### [Task statement]
Among the entries below, which lines run from the line with "Welcome. In this" through the line with "This video shows"? Retype those, both ends included, exactly and without pictures.

(Collected data)
::::::

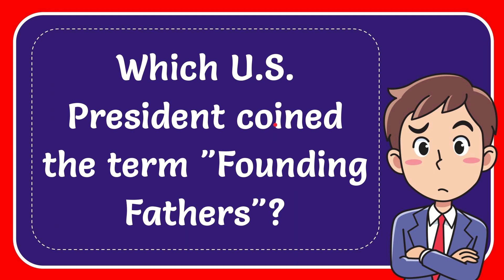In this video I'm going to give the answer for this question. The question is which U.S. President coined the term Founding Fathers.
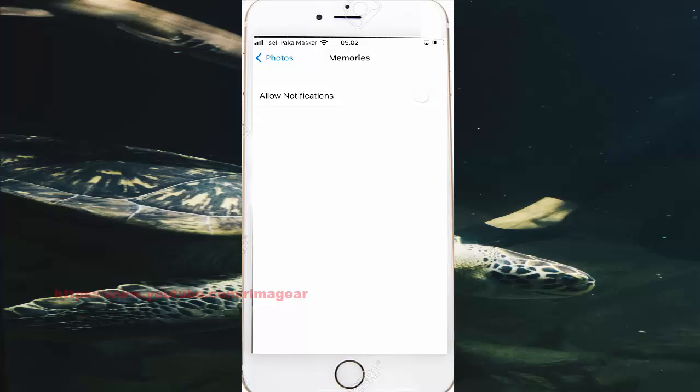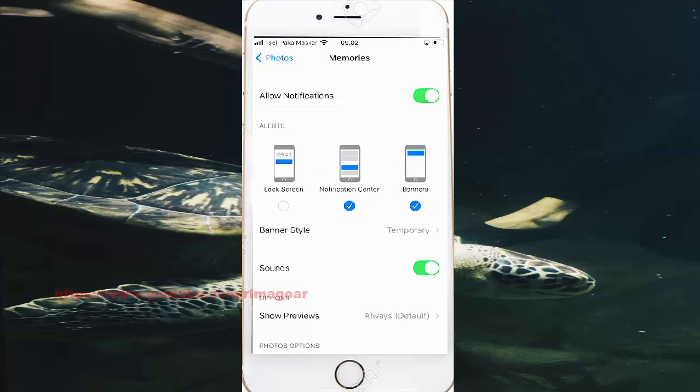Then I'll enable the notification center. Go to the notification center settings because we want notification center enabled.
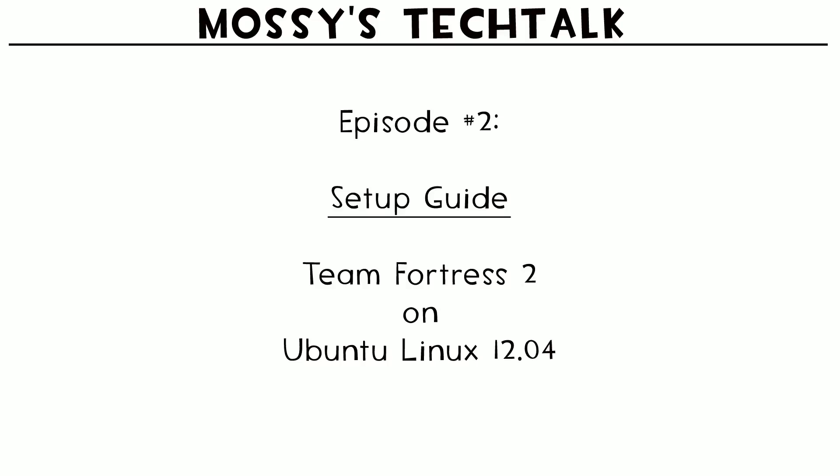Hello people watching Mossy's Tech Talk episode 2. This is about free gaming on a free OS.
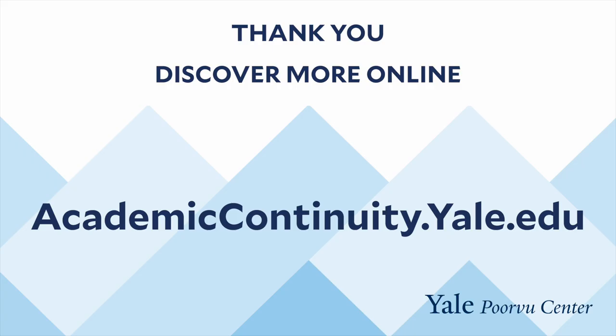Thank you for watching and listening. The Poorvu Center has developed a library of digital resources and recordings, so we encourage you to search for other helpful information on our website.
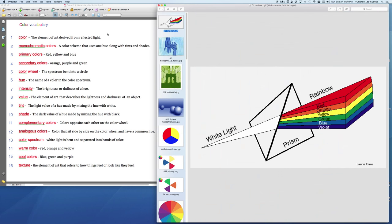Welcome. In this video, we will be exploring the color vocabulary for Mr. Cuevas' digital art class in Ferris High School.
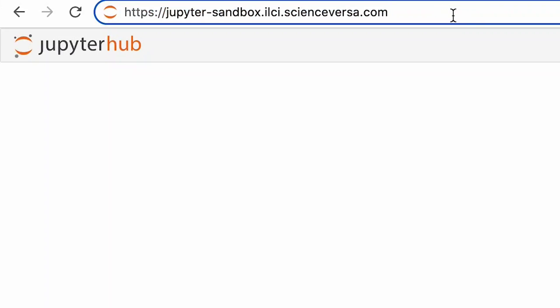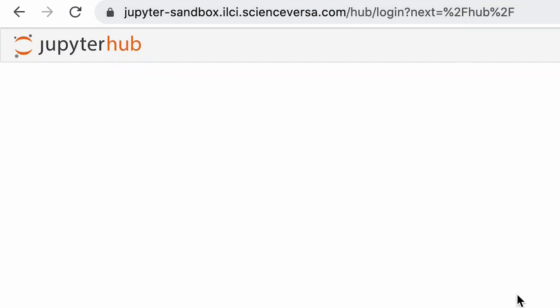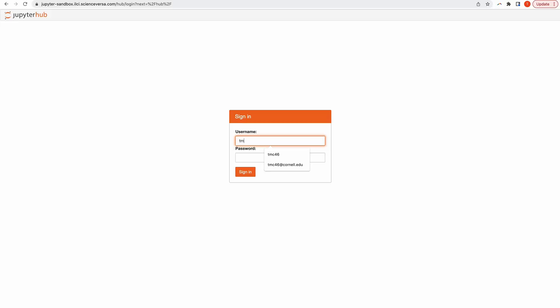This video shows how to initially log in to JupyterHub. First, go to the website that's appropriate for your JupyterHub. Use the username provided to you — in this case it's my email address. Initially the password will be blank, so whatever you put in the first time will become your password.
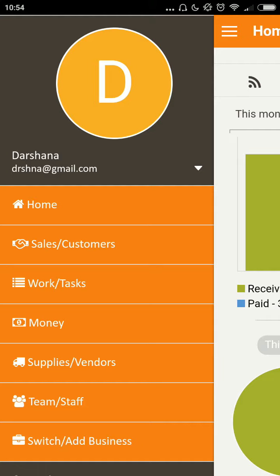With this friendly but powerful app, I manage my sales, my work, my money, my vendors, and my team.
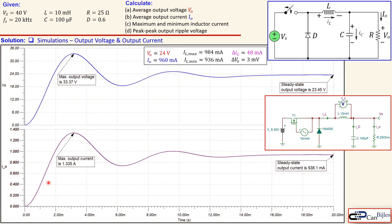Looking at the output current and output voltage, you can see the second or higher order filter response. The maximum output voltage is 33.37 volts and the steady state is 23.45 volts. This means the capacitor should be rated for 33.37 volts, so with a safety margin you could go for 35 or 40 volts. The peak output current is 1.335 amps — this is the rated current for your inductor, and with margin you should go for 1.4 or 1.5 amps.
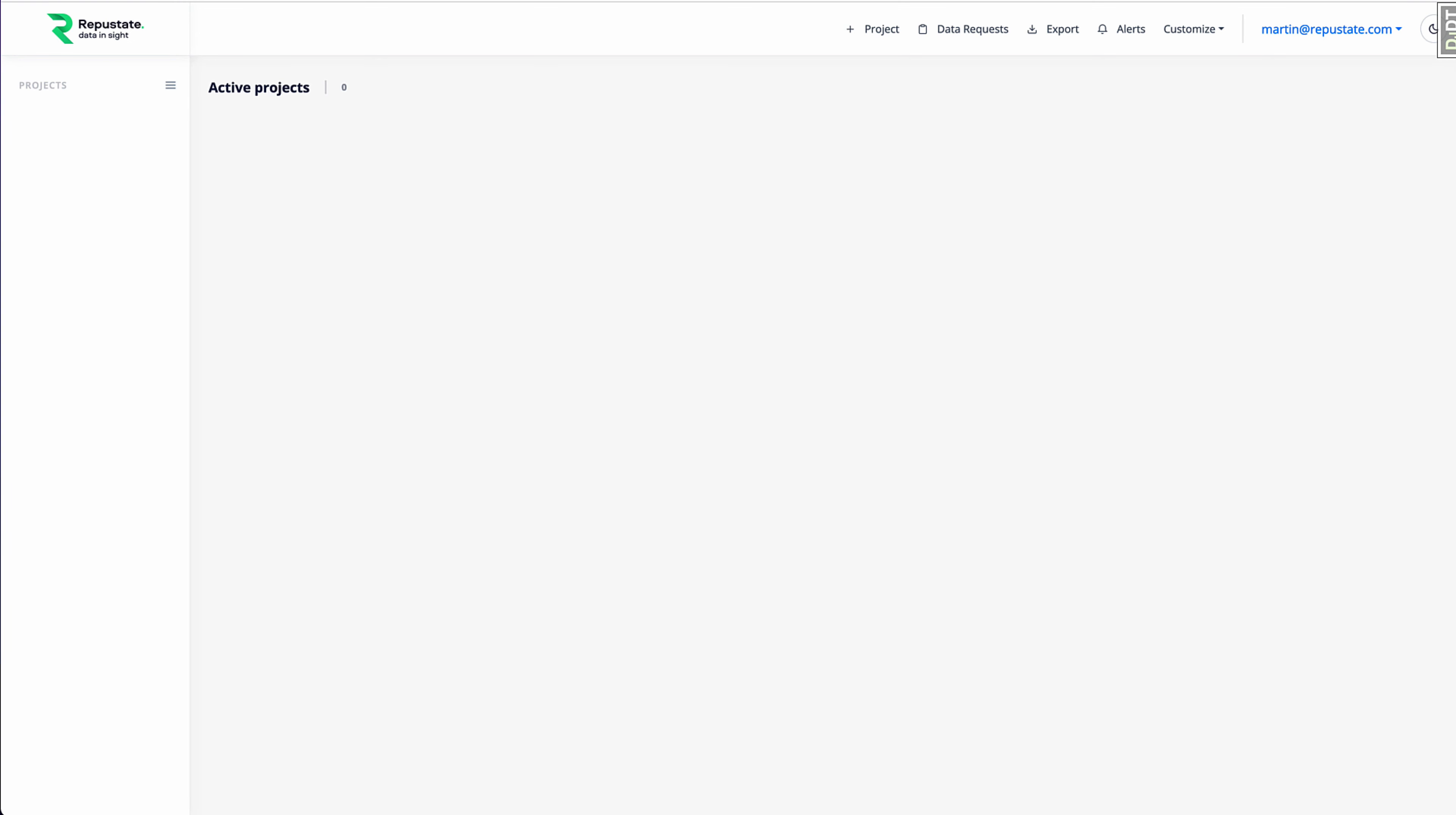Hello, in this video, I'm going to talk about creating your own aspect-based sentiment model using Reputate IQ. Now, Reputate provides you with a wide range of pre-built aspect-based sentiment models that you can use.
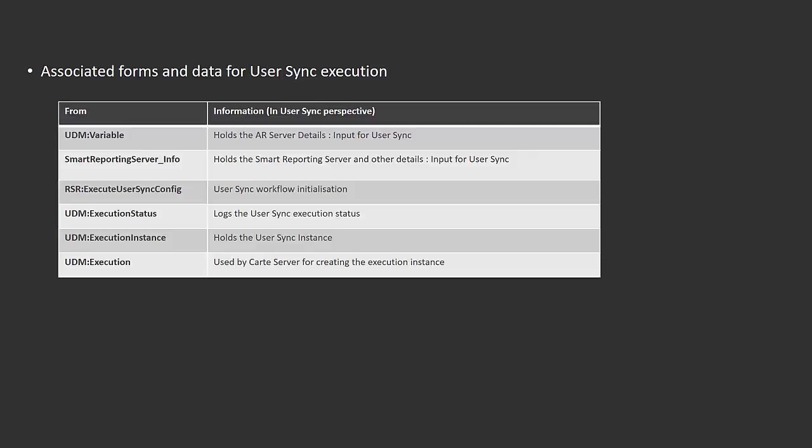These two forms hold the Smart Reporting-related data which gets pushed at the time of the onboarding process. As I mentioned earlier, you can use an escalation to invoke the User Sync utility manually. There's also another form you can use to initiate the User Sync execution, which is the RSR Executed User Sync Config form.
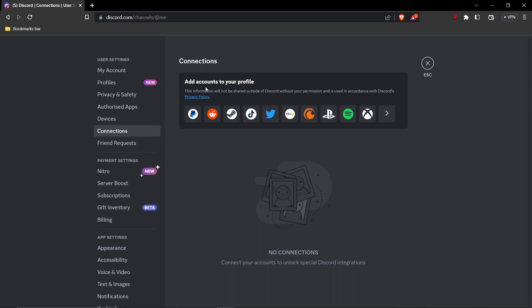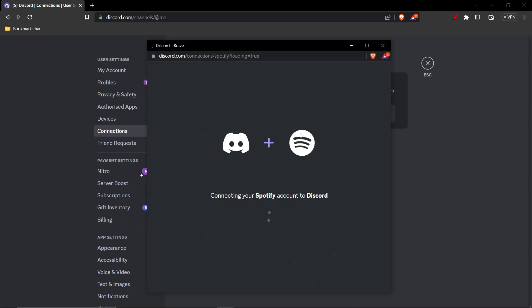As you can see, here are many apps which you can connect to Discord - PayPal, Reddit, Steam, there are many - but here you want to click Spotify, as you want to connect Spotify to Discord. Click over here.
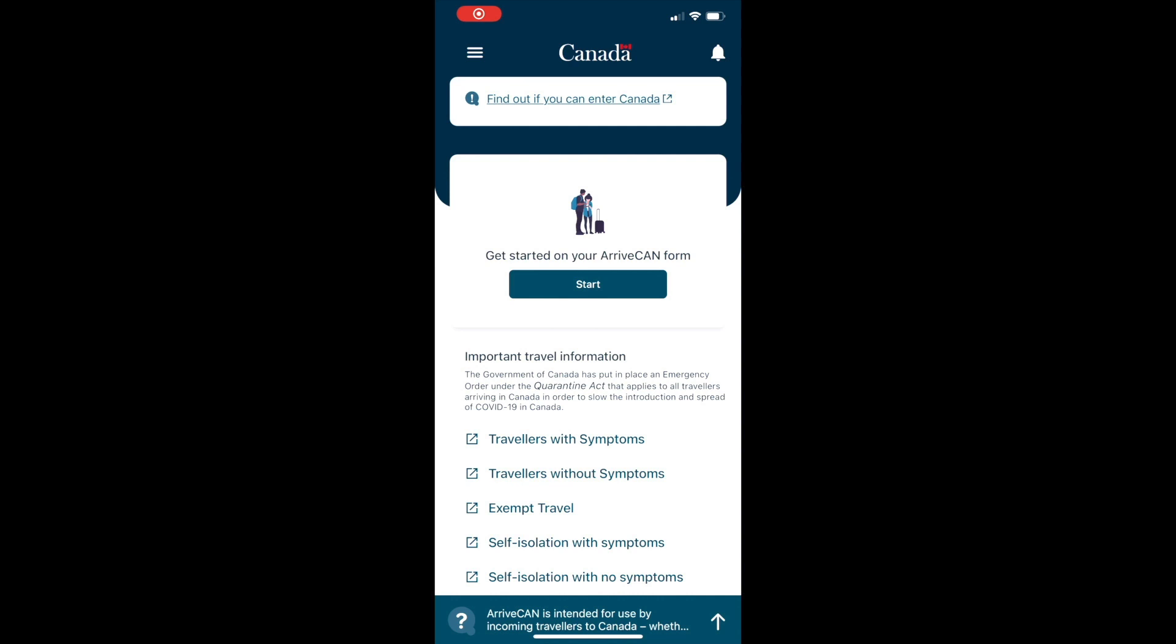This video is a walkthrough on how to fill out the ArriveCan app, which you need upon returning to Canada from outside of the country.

::::::

### [Your solution]
Welcome. In this video, we will be exploring the color vocabulary for Mr. Cuevas' digital art class in Ferris High School.
This video shows how to initially log in to JupyterHub. First, go to the website that's appropriate for your JupyterHub. Use the username provided to you — in this case it's my email address. Initially the password will be blank, so whatever you put in the first time will become your password.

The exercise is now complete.